Exactly! Every track not made, because it does not meet some impossible artistic benchmark, is another chip added to your writers block. Making mediocre/bad tracks hones your music skills and will eventually get you closer to your own musical goals. Sitting down and whining about not being good enough will only make you better at whining not playing.
I find what works for me is just getting started. I have the tendency to think about making music rather than actually make it (and I also procrastinate a lot 😁). But every time I sit in front of my modular and start patching something I get something in return. Nothing good most of the time, by any stretch of the imagination, but still something. I just need to push myself to get started.
And modular is an instrument indeed, every time you make something, even if it's terrible, you're honing your skills.

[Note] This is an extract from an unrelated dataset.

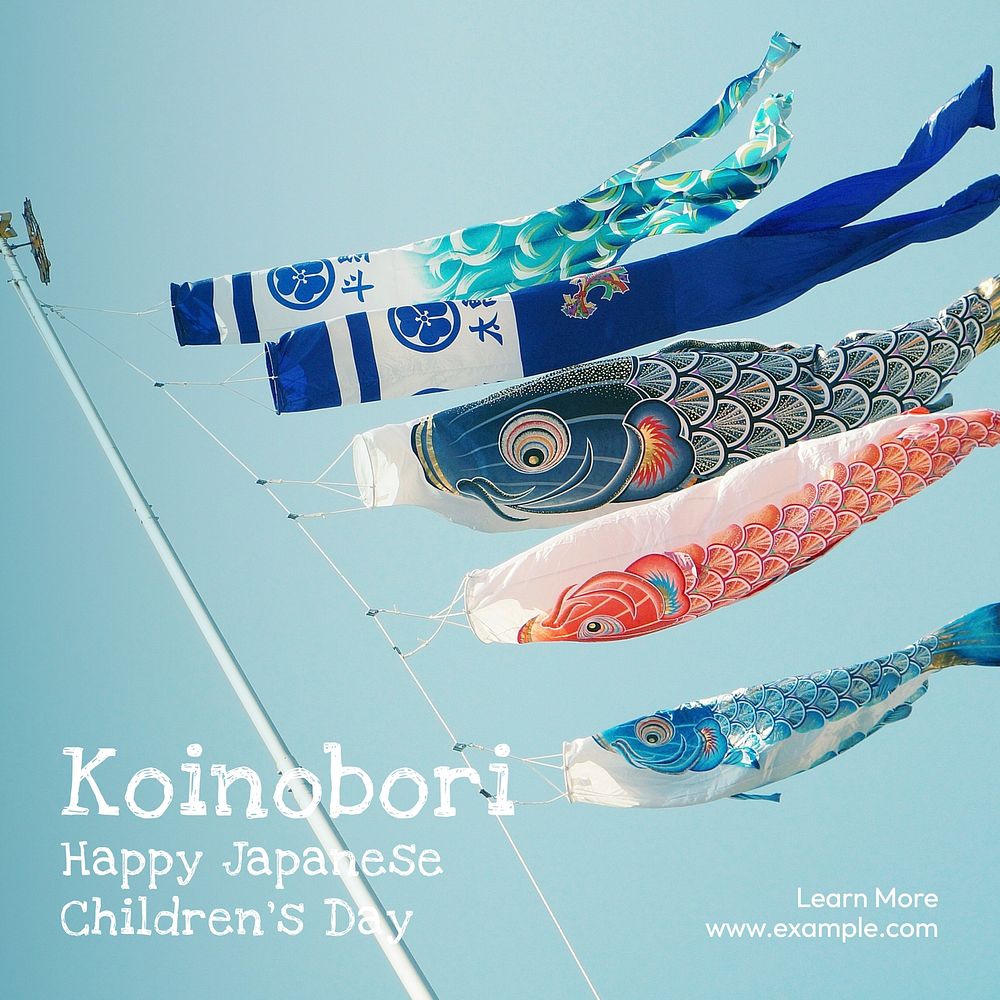 Koinobori, children's day Instagram post template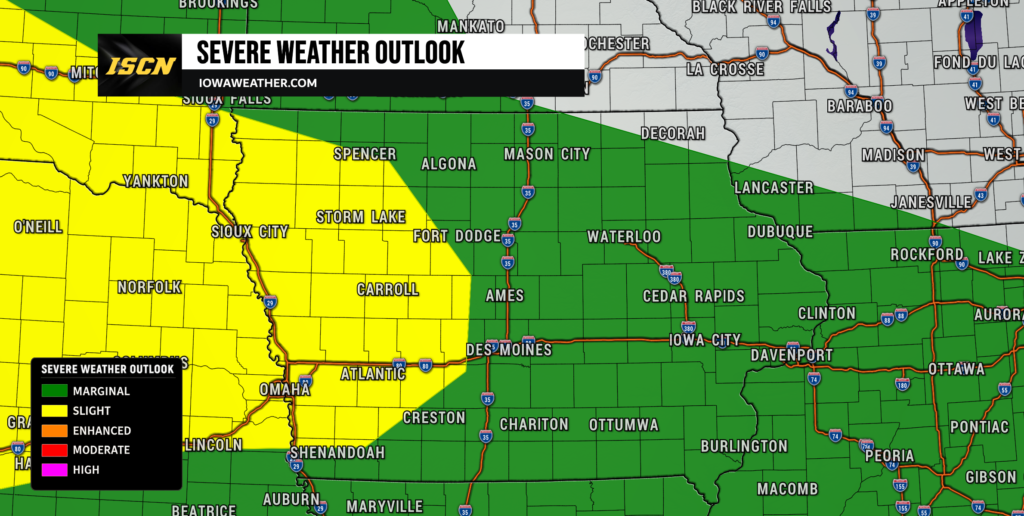 Severe Weather Outlook for Iowa Thursday morning - IowaWeather.com Severe weather outlook map showing marginal (green) and slight (yellow) risk areas across Iowa and surrounding states, with an ISC banner at the top left.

Synthesis is a vast field and the ways on how to achieve your goals are almost endless. The downside of it is that it takes time and practices to more comfortable with it and be able to reproduce what's in your head, so keep at it.
I certainly agree too many options make music making harder not easier..... When I start writing a new song I usually get 2 or 3 sounds that work well together and go from there - this includes the drums.....
Drums are always a solid start. A solid groove is half the track IMO. Once you have that running you can figure out (a) bassline(s) and the rest will follow. Most carbon-based lifeforms have an easier time recognizing sound as music if there is some rhythmic element going on, i guess it reminds them of their own heart(s)beat. It(s a bit like recognizing faces in car grills.